James Stewart gives one of his finest performances as the wheelchair bound bored photographer. Limited in his ability to use his physicality, which he always does so well, he has to rely only on some hand gestures and his voice to do the work, and he excels. Grace Kelly is no slouch either. She was the epitome of Hitchcock’s cool blondes and he spent the rest of his career trying to find someone that could succeed her after she retired from acting following her marriage to the Prince of Monaco. Her Lisa was smart, successful and ran in the upper circles and she handled the role with perfection. Thelma Ritter was brilliant as always, earning an Oscar nomination for her Stella but the real standout is Raymond Burr. Known for his booming voice, his challenge was to do his part nearly completely silently, since he’s seen from across a courtyard for the majority of the film, only speaking a few lines near the end when he enters Jeff’s apartment. Leave it to Hitch to cast an actor known for his voice and not let him use it, while still getting one of the actor’s most nuanced performances out of him. Maybe that’s why he’s so good here, he doesn’t get to go cartoonishly over the top like his D.A. in George Steven’s A Place in the Sun.

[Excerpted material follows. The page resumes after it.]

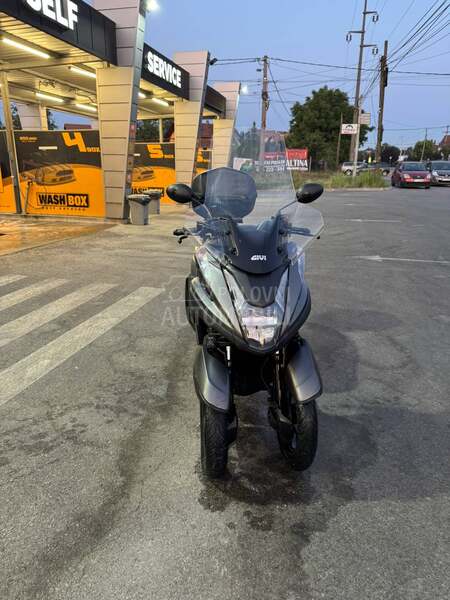Yamaha TriCity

What you end up with when all of these elements are combined is a film that is at once funny, tragic and suspenseful and even terrifying in parts. Hitchcock knew how to inject humor into a tense situation without diffusing the tension, which is something few directors ever learned how to do. Along with screenwriter John Michael Hayes (who would work with Hitchcock three more times after this and whose writing process with Hitchcock is documented in the great book ‘Writing with Hitchcock’), Hitchcock managed to take a short story and pull it into a genuinely great 2 hour film. His cast was perfect, the script flawless and his camera work and use of color with shadows was exemplary. Rear Window wasn’t the first time he’d made a tense situation out of a confined space, he’d done so with Lifeboat and Rope before, but this was his greatest example of it and one of the finest achievements of American film.
Rear Window wasn’t the first time Hitchcock made a tense situation out of a confined space, he’d done so with Lifeboat and Rope before, but this was his greatest example of it and one of the finest achievements of American film.